INFORMATION SUPPLIED: Begin

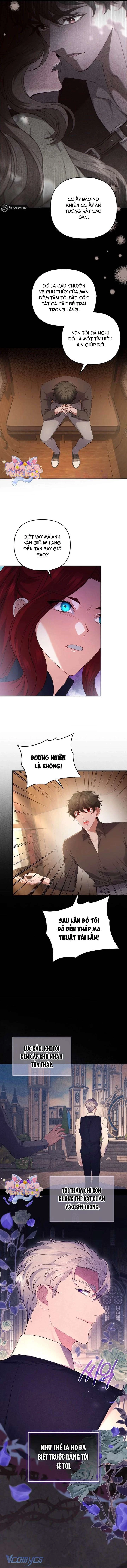 Sát Nhân Nhắm Tới Tiểu Thư Tóc Nâu Chapter  17 - 9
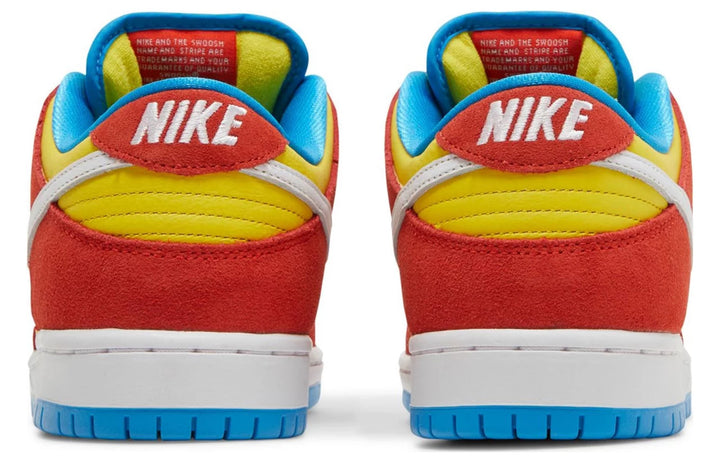 Nike SB Dunk Low Pro Bart Simpson buty męskie żółto-czarne N-Hype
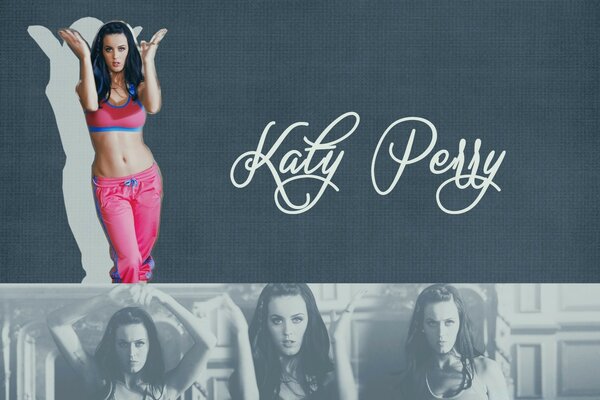 Katie Perry sulla copertina. Asse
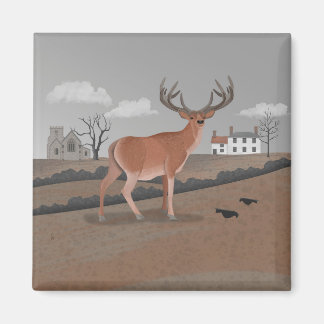Aimant Cerf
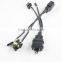 H4 H/L Relay Cable Harness Wires for Bi-xenon HID Headlight Fog Light Kit 9003 HID Relay Harness Switch Wiring Controller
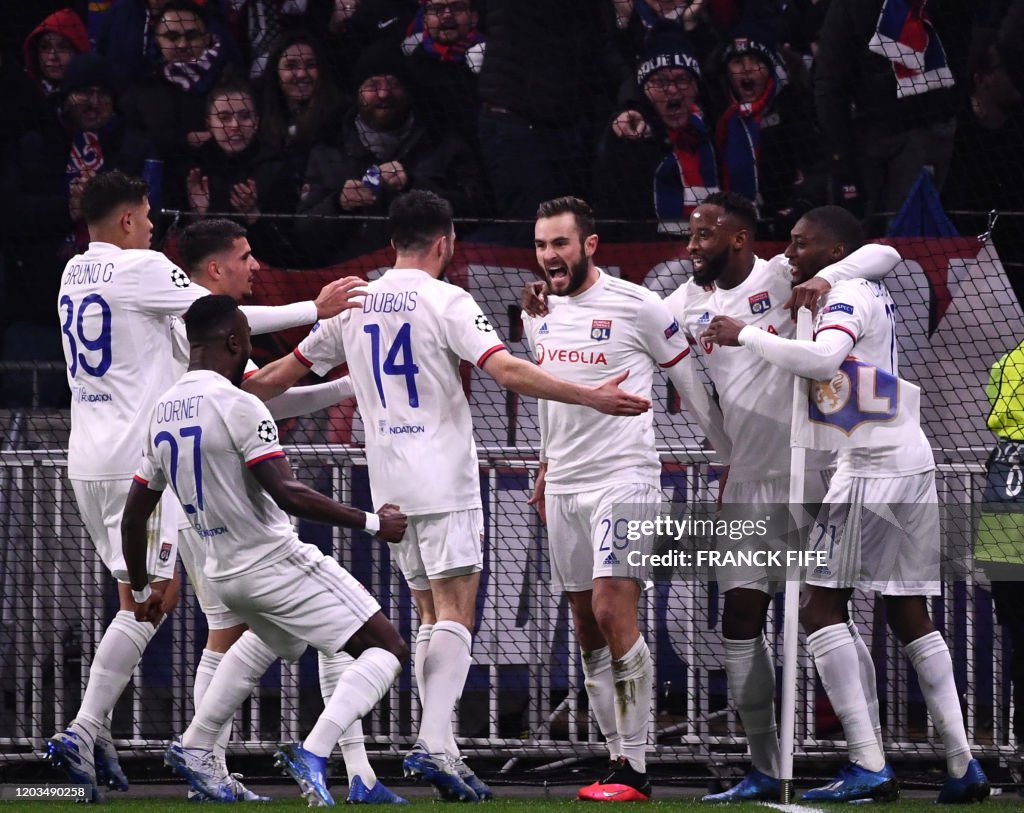 FBL-EUR-C1-LYON-JUVENTUS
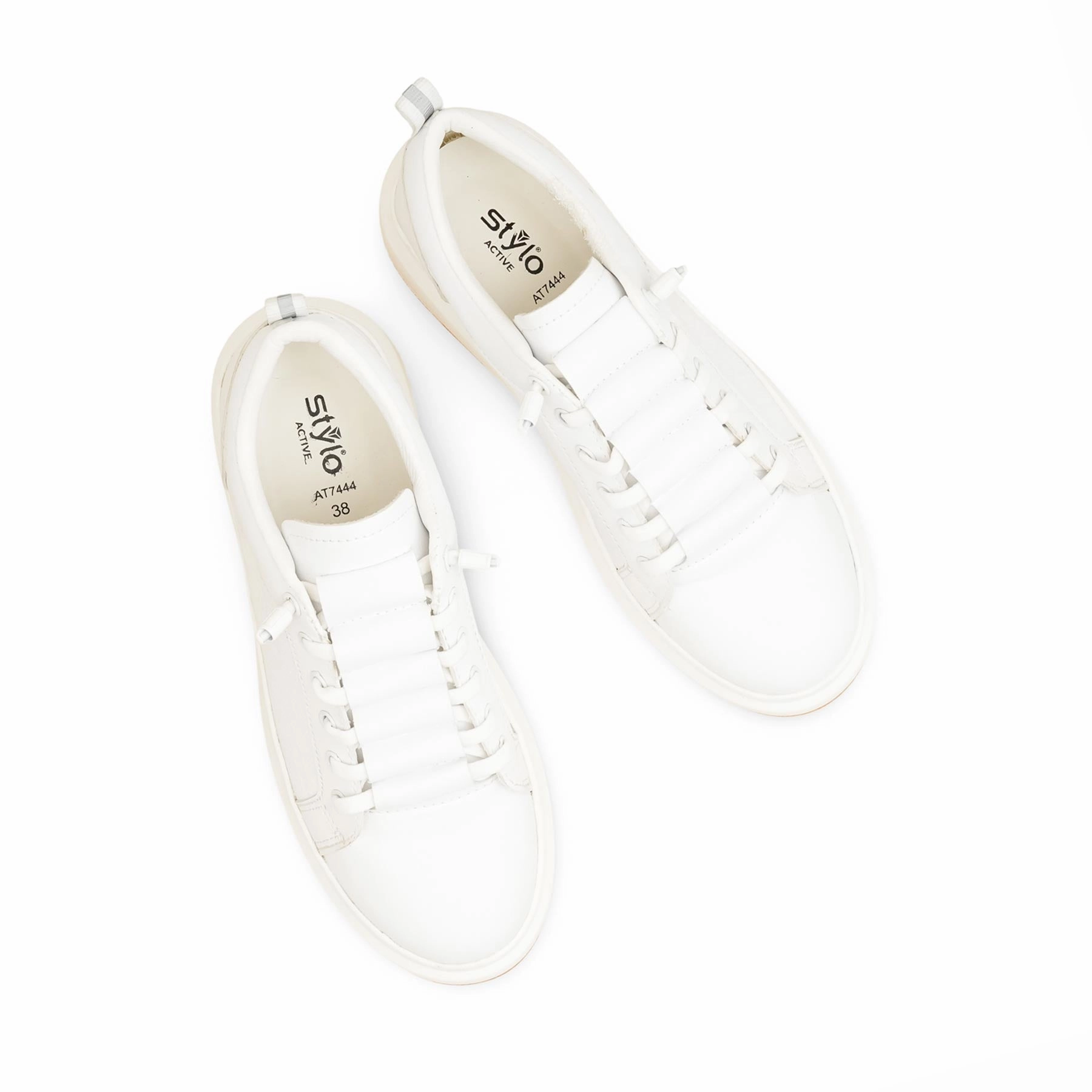 White Casual Sneaker For Women AT7444 Pickleball Sneakers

INFORMATION SUPPLIED: End

REQUIREMENT: Write the lines from the one with "Aimant Cerf" through the last line of the entries out again exactly, both ends included, and skip the pictures.

FINISHED EXERCISE:
Aimant Cerf
 H4 H/L Relay Cable Harness Wires for Bi-xenon HID Headlight Fog Light Kit 9003 HID Relay Harness Switch Wiring Controller
 FBL-EUR-C1-LYON-JUVENTUS
 White Casual Sneaker For Women AT7444 Pickleball Sneakers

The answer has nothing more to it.